Each line starting at the one that contains "Model wearing the" and ending at the one that contains "single story home" must be returned exactly, and the rest of the listing is left out.

[DATA FOR REVIEW]
....

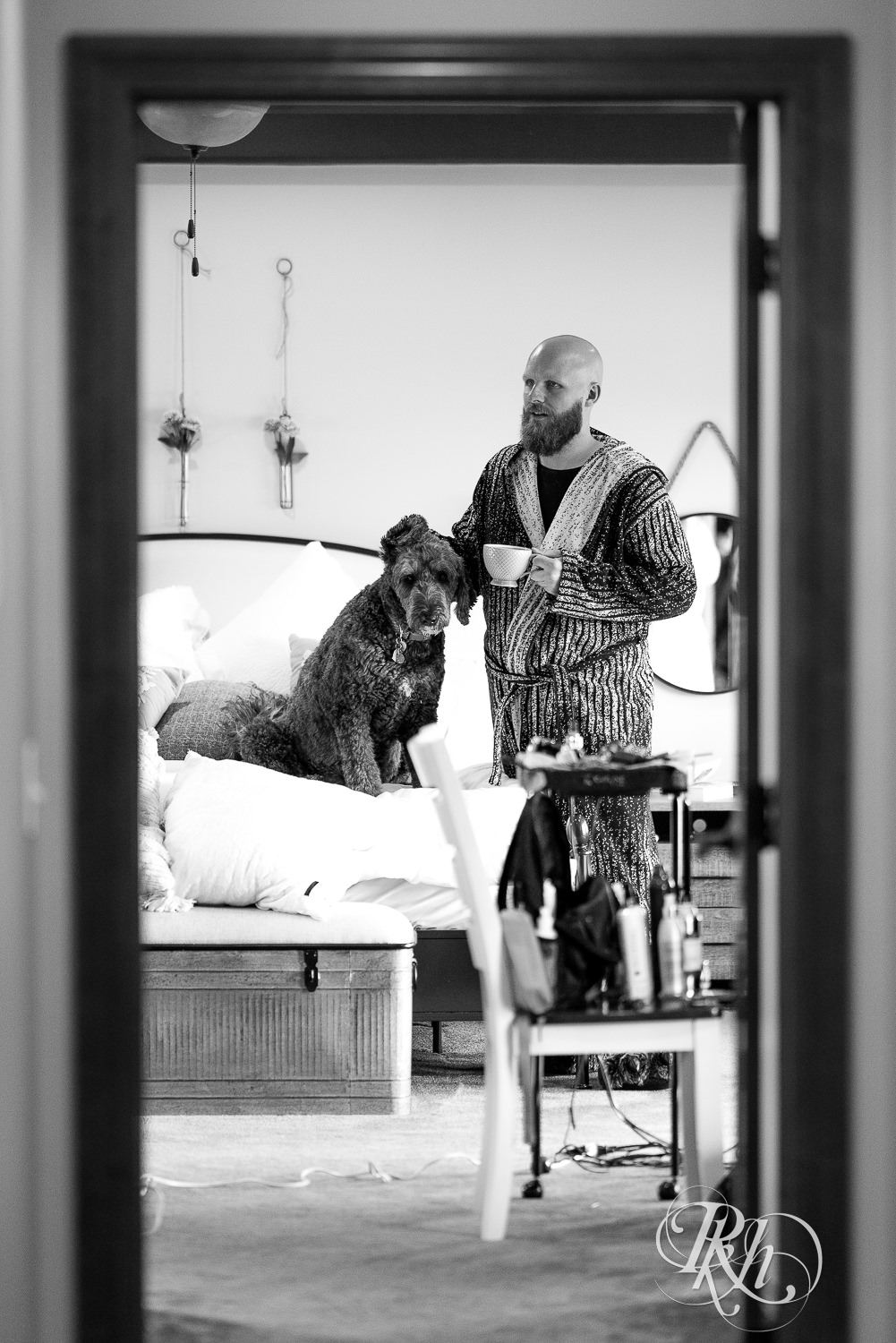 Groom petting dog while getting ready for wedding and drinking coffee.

....

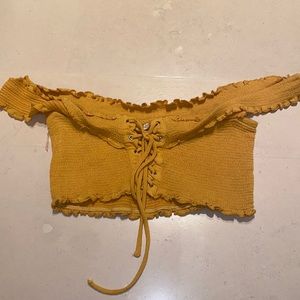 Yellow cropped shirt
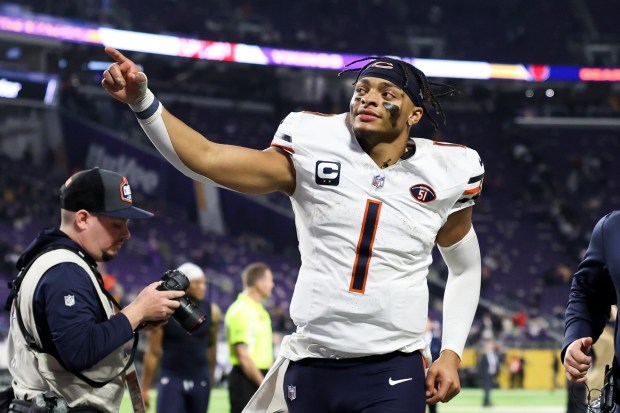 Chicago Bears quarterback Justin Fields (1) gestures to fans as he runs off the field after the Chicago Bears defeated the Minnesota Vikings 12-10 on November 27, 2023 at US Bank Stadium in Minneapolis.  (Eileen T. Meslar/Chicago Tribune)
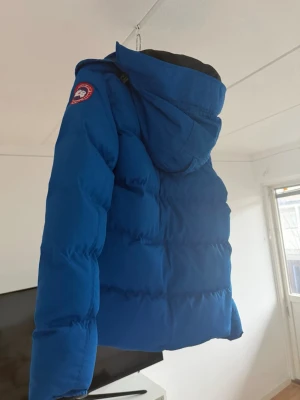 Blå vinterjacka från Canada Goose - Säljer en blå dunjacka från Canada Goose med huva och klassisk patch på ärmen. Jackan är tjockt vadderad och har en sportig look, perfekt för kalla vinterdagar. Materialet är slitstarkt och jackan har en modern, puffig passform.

....

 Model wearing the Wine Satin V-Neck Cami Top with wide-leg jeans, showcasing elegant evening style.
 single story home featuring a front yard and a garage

....

[YOUR RESPONSE]
 Model wearing the Wine Satin V-Neck Cami Top with wide-leg jeans, showcasing elegant evening style.
 single story home featuring a front yard and a garage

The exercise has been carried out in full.